Di tahun 2013, ketika banyak orang Indonesia masih berkutat dengan perbincangan tentang pembangunan fisik yang megah atau pencapaian politik yang gemerlap, Bang Zul membawa gagasan yang terasa aneh dan tak lazim di ujung Timur Indonesia. Ia berbicara tentang teknologi, tentang ilmu pengetahuan, tentang masa depan. Dan yang paling mengagumkan, ia tidak hanya berbicara.
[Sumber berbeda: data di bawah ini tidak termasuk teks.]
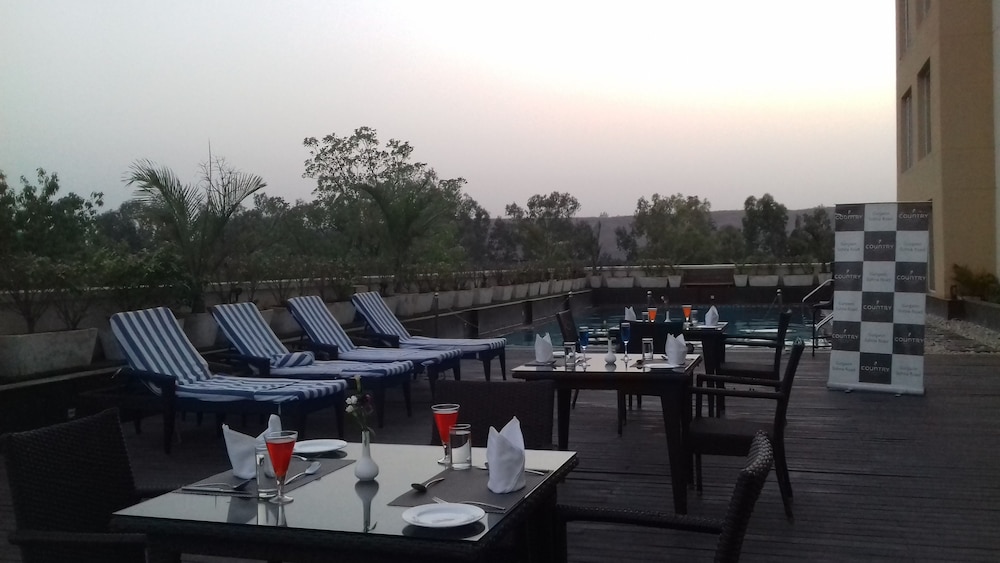 Gurmon Hotels Sohna Road Gurugram a Member of Radisson Individuals 58/75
Ia bertindak.
Dengan segala ide juga keberaniannya berdirilah Universitas Teknologi Sumbawa, sebuah institusi yang di mata orang-orang luar tampak seperti mimpi utopis yang jauh dari kenyataan. Di sebuah pulau yang kerap luput dari perhatian, berdirilah bangunan itu—tak sekadar gedung, tapi lambang dari harapan yang jauh lebih besar. Bang Zul membawa pulang bukan hanya dirinya sendiri tapi ia membawa serta ide-ide besar, pengalaman dari kampus-kampus terbaik dunia, dan jaringan global yang ia kumpulkan selama bertahun-tahun. NTB dan Sumbawa tidak lagi sekadar tempat singgah, tapi panggung bagi perubahan. “ Where is The Will, The is the way” ucapnya pada setiap pertemuan, kalimat sederhana tersebut adalah bukti keyakinan juga pandangan hebatnya yang melampui waktu.
UTS mendunia–sebuah langkah awal. Di bawah Universitas Teknologi Sumbawa, Bang Zul merajut mimpi yang tak sekadar lokal. Dunia berubah cepat—terlalu cepat—dan NTB juga Sumbawa tak boleh ketinggalan. Dalam pandangan Bang Zul, teknologi bukanlah barang mewah yang hanya bisa dinikmati kota-kota besar di Jawa. Ia adalah sesuatu yang bisa, dan harus, dibawa ke Sumbawa, ke NTB, ke Indonesia Timur.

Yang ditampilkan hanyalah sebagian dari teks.